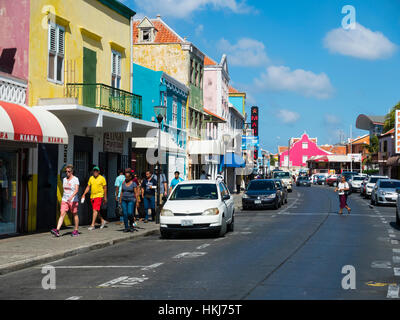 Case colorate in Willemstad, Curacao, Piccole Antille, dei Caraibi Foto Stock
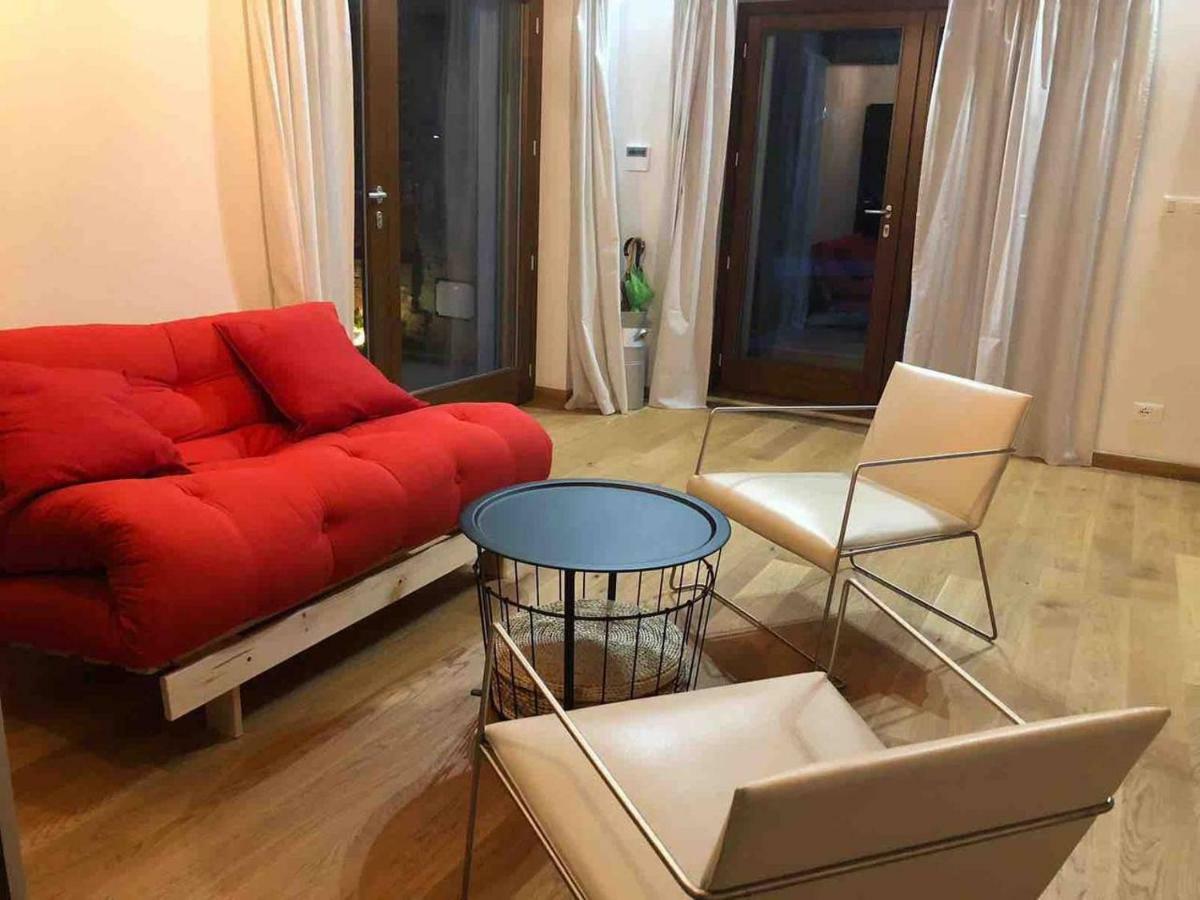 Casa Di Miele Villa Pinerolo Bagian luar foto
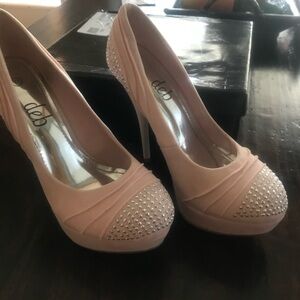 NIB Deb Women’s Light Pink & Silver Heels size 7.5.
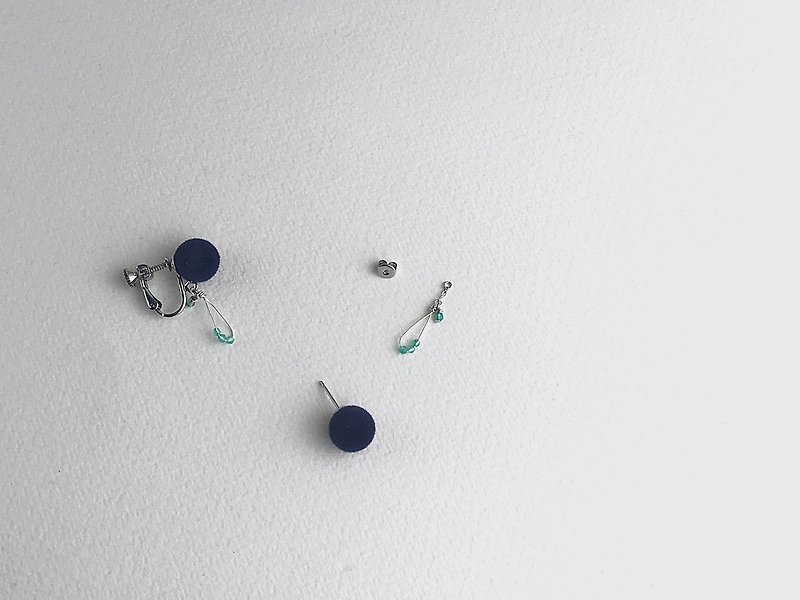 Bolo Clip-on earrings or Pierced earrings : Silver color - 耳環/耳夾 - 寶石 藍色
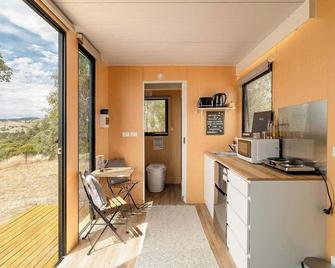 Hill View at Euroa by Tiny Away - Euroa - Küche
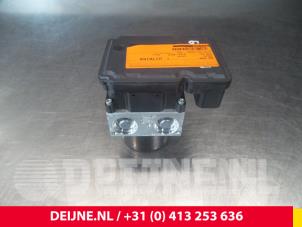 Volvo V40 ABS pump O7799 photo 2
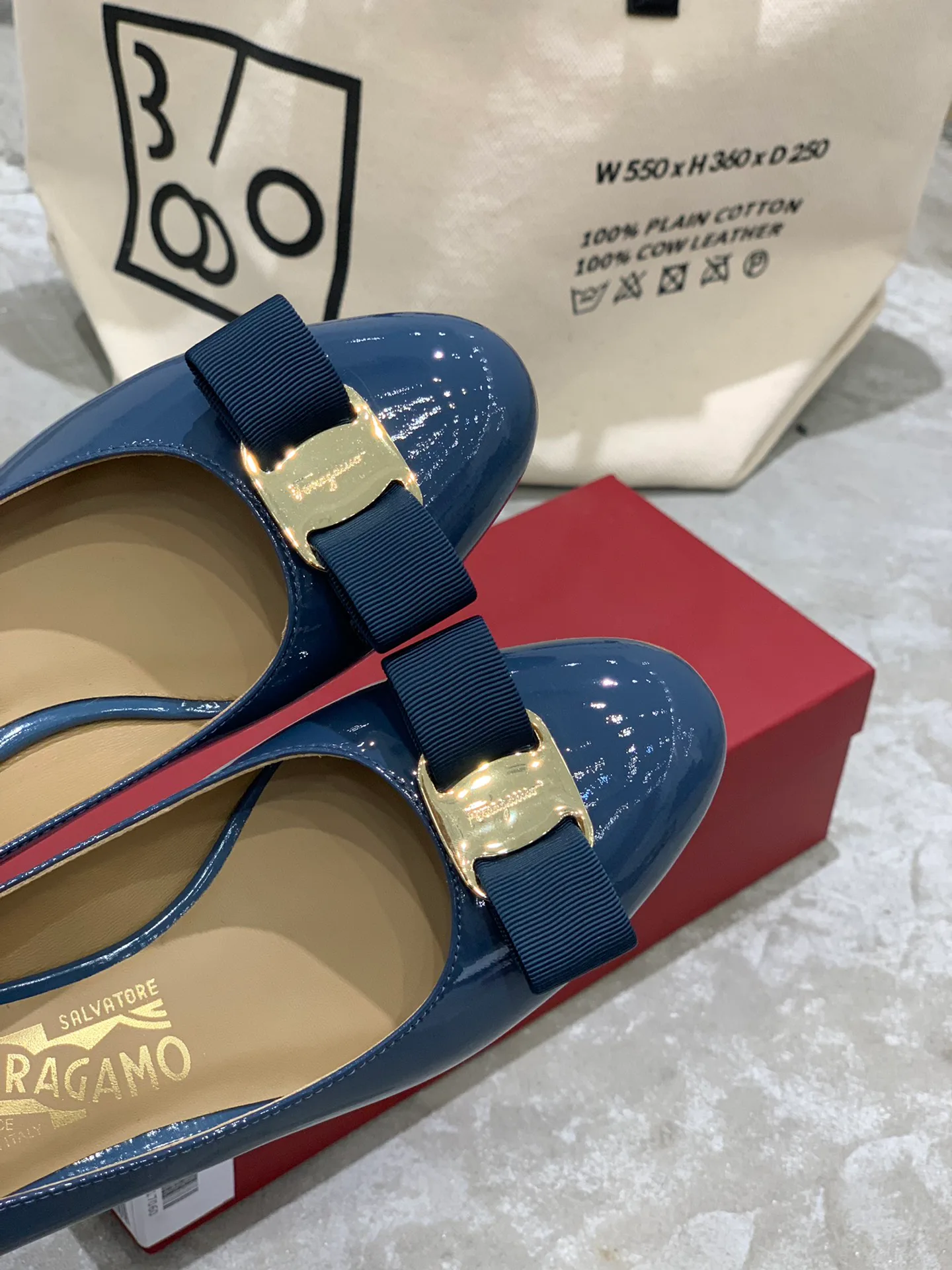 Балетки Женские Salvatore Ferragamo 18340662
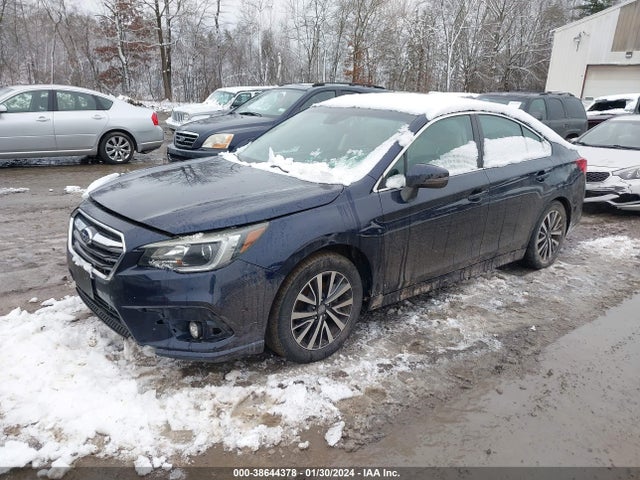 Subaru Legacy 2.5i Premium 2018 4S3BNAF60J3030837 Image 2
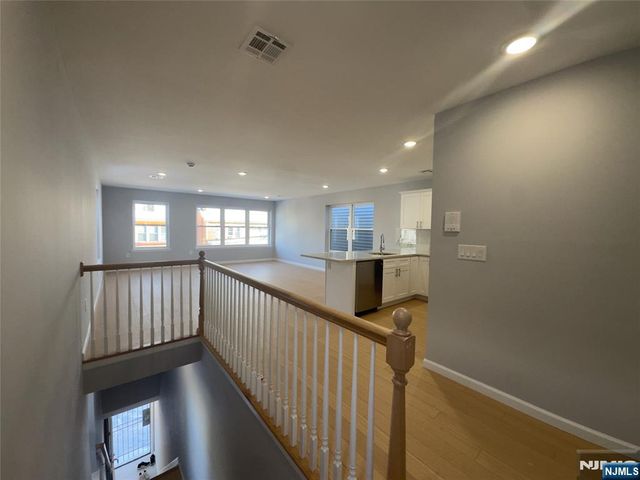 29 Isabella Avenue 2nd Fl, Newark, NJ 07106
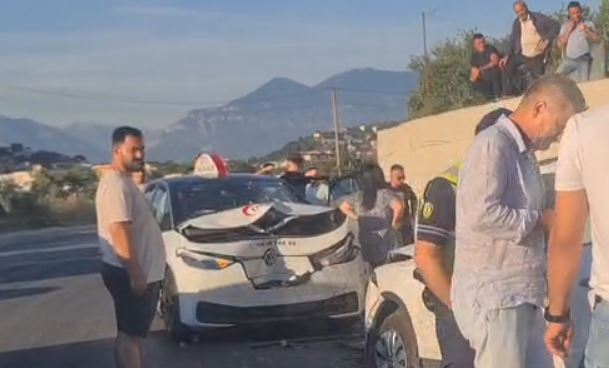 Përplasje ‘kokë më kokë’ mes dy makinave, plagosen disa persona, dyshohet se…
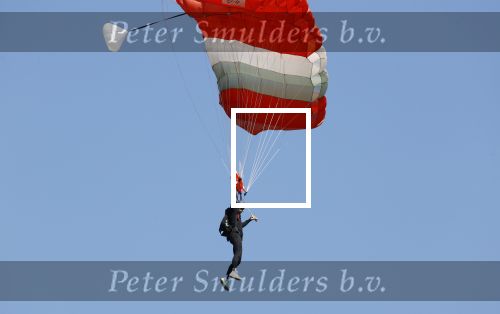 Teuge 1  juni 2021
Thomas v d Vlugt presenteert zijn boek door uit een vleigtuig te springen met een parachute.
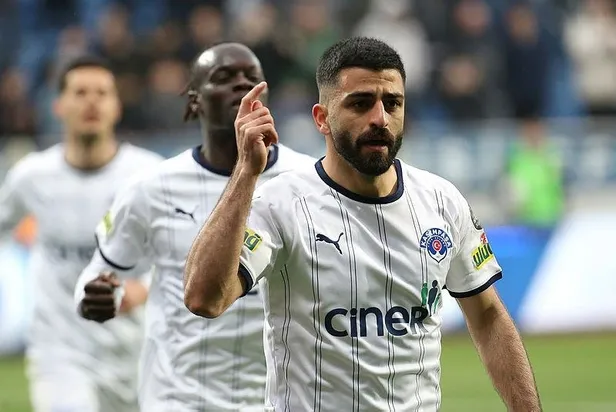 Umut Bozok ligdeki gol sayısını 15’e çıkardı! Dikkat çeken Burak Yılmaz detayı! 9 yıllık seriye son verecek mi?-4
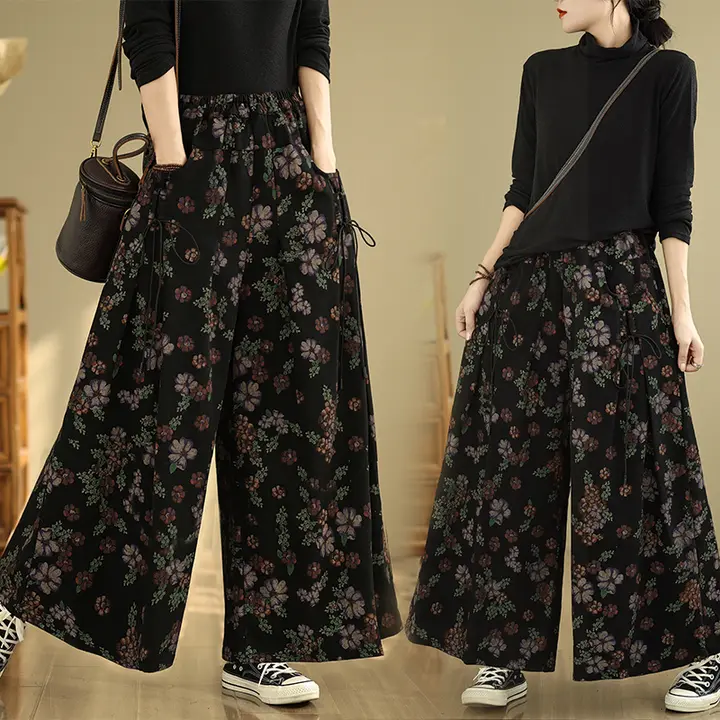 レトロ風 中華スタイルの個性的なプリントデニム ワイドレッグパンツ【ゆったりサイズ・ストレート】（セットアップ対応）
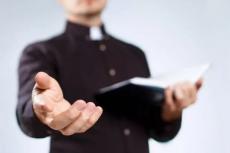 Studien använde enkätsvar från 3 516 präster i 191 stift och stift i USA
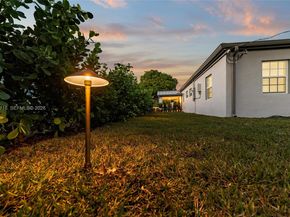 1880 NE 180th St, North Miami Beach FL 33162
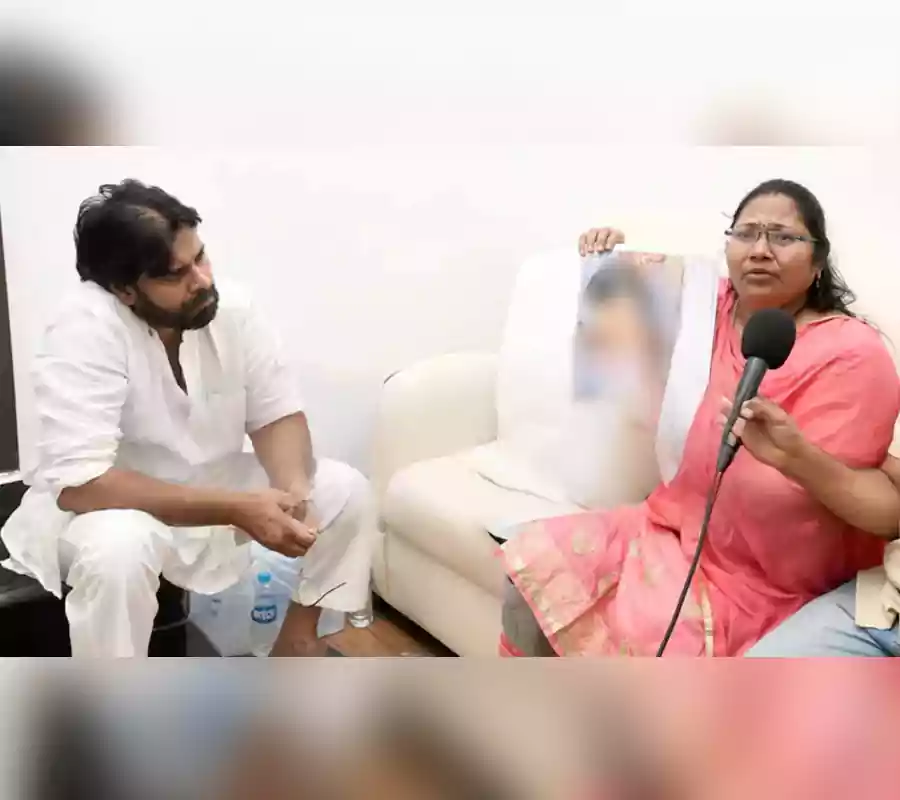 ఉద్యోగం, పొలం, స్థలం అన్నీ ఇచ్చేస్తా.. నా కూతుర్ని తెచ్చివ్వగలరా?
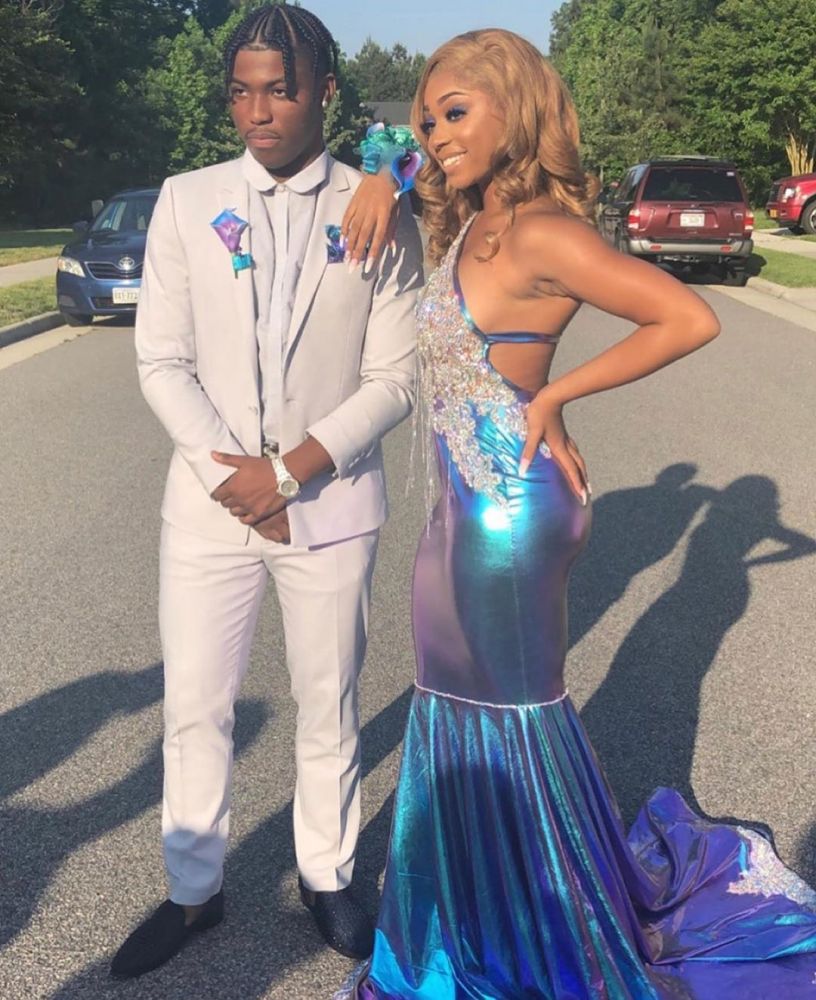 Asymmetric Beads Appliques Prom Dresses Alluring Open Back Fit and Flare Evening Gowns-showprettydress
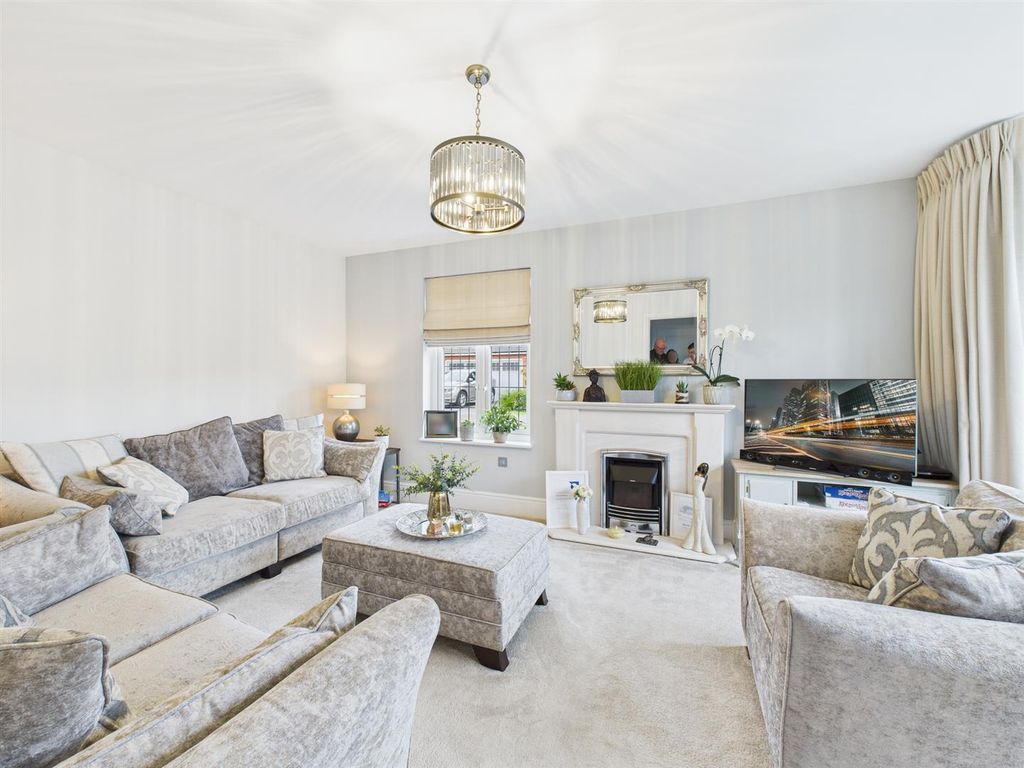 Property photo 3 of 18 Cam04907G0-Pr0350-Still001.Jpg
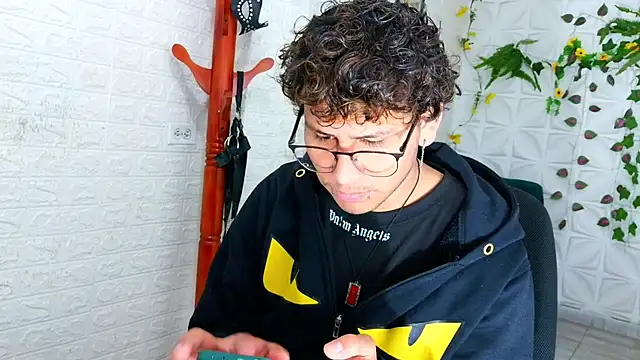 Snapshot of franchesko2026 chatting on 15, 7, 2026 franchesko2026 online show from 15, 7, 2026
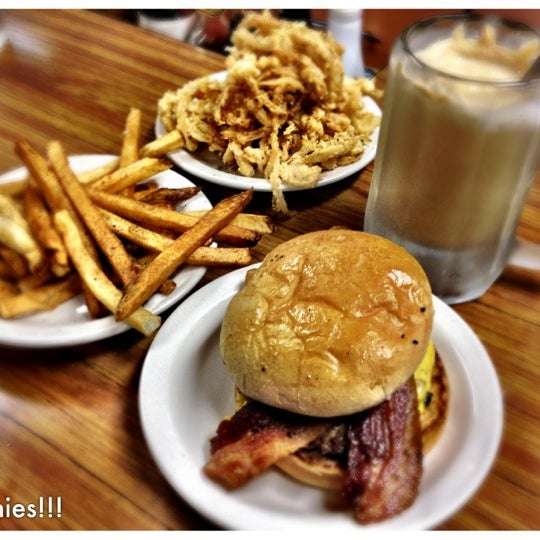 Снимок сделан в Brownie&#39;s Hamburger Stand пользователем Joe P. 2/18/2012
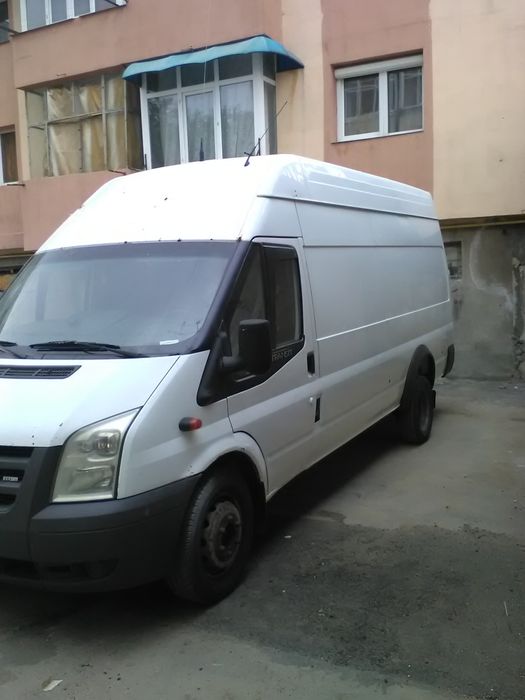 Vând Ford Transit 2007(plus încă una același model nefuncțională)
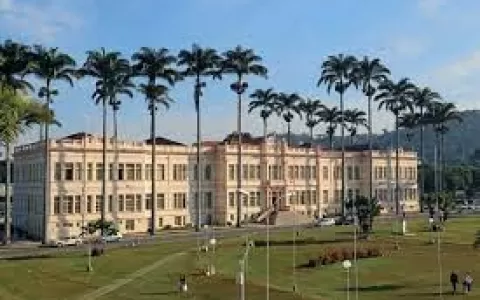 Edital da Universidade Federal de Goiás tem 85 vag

*****

__Description of the task__: The pictures stay out; everything else in the records above must be repeated exactly.

__Written solution__:
 Case colorate in Willemstad, Curacao, Piccole Antille, dei Caraibi Foto Stock
 Casa Di Miele Villa Pinerolo Bagian luar foto
 NIB Deb Women’s Light Pink & Silver Heels size 7.5.
 Bolo Clip-on earrings or Pierced earrings : Silver color - 耳環/耳夾 - 寶石 藍色
 Hill View at Euroa by Tiny Away - Euroa - Küche
 Volvo V40 ABS pump O7799 photo 2
 Балетки Женские Salvatore Ferragamo 18340662
 Subaru Legacy 2.5i Premium 2018 4S3BNAF60J3030837 Image 2
 29 Isabella Avenue 2nd Fl, Newark, NJ 07106
 Përplasje ‘kokë më kokë’ mes dy makinave, plagosen disa persona, dyshohet se…
 Teuge 1  juni 2021
Thomas v d Vlugt presenteert zijn boek door uit een vleigtuig te springen met een parachute.
 Umut Bozok ligdeki gol sayısını 15’e çıkardı! Dikkat çeken Burak Yılmaz detayı! 9 yıllık seriye son verecek mi?-4
 レトロ風 中華スタイルの個性的なプリントデニム ワイドレッグパンツ【ゆったりサイズ・ストレート】（セットアップ対応）
 Studien använde enkätsvar från 3 516 präster i 191 stift och stift i USA
 1880 NE 180th St, North Miami Beach FL 33162
 ఉద్యోగం, పొలం, స్థలం అన్నీ ఇచ్చేస్తా.. నా కూతుర్ని తెచ్చివ్వగలరా?
 Asymmetric Beads Appliques Prom Dresses Alluring Open Back Fit and Flare Evening Gowns-showprettydress
 Property photo 3 of 18 Cam04907G0-Pr0350-Still001.Jpg
 Snapshot of franchesko2026 chatting on 15, 7, 2026 franchesko2026 online show from 15, 7, 2026
 Снимок сделан в Brownie&#39;s Hamburger Stand пользователем Joe P. 2/18/2012
 Vând Ford Transit 2007(plus încă una același model nefuncțională)
 Edital da Universidade Federal de Goiás tem 85 vag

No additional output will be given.